Wednesday, March 15, 2017

Milgram Goes to Poland and Shows Obedience Still Plays - Science

The Milgram Experiment wasn't much important to me during early stages of my education which were much more focused on the developmental aspects in Psychology via Piaget, etc.  The Milgram uses adult subjects and tests their willingness to inflict pain on someone the subject believes to be another subject in another room and concealed.  The result of the experiment was revelation of the astonishing willingness of subjects to do this.

If you're looking for an explanation of the death camp guard stereotype, join the party.  That's precisely what they try to understand and it's not just NAZIs but any willingness to inflict pain on another on order from an authority.

The modern version of the experiment was conducted it in Poland.  (Science Daily:  Conducting the Milgram experiment in Poland, psychologists show people still obey)


The title is direct, "Would you deliver an electric shock in 2015?" and the answer, according to the results of this replication study, is yes. Social psychologists from SWPS University of Social Sciences and Humanities in Poland replicated a modern version of the Milgram experiment and found results similar to studies conducted 50 years earlier.

- SD

There you see it is alive and well, unchanged from previous times.


"Our objective was to examine how high a level of obedience we would encounter among residents of Poland," write the authors. "It should be emphasized that tests in the Milgram paradigm have never been conducted in Central Europe. The unique history of the countries in the region made the issue of obedience towards authority seem exceptionally interesting to us."

- SD

I don't like how coy they're being about it.  The willingness to inflict pain is universal and not just NAZIs so I want to know why.

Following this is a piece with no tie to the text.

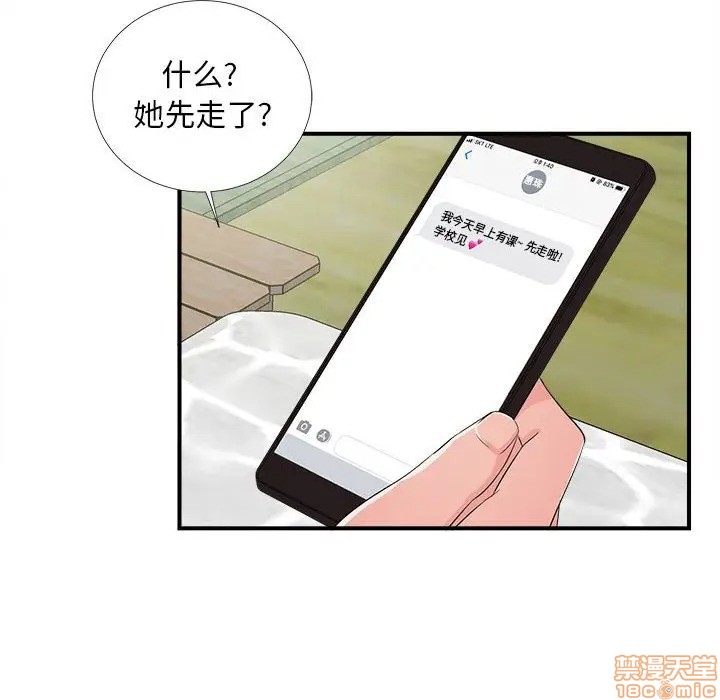 陌生的视线[h漫]韩漫全集-陌生的视线-第10話 10 无删减无遮挡章节图片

For those unfamiliar with the Milgram experiment, it tested people's willingness to deliverer electric shocks to another person when encouraged by an experimenter. While no shocks were actually delivered in any of the experiments, the participants believed them to be real. The Milgram experiments demonstrated that under certain conditions of pressure from authority, people are willing to carry out commands even when it may harm someone else.

"Upon learning about Milgram's experiments, a vast majority of people claim that 'I would never behave in such a manner,' says Tomasz Grzyb, a social psychologist involved in the research. "Our study has, yet again, illustrated the tremendous power of the situation the subjects are confronted with and how easily they can agree to things which they find unpleasant."

While ethical considerations prevented a full replication of the experiments, researchers created a similar set-up with lower "shock" levels to test the level of obedience of participants.

- SD

In the first version with American subjects, they not only knew they were inflicting pain but could hear the reaction to it which went up to extremes (seemingly) but the level of pain did not much deter the subject.  In that experiment, alone, they proved you don't need NAZIs for this behavior so I regret their allusion to them in the first part without a corresponding reference to the engagement with Americans in the experiment.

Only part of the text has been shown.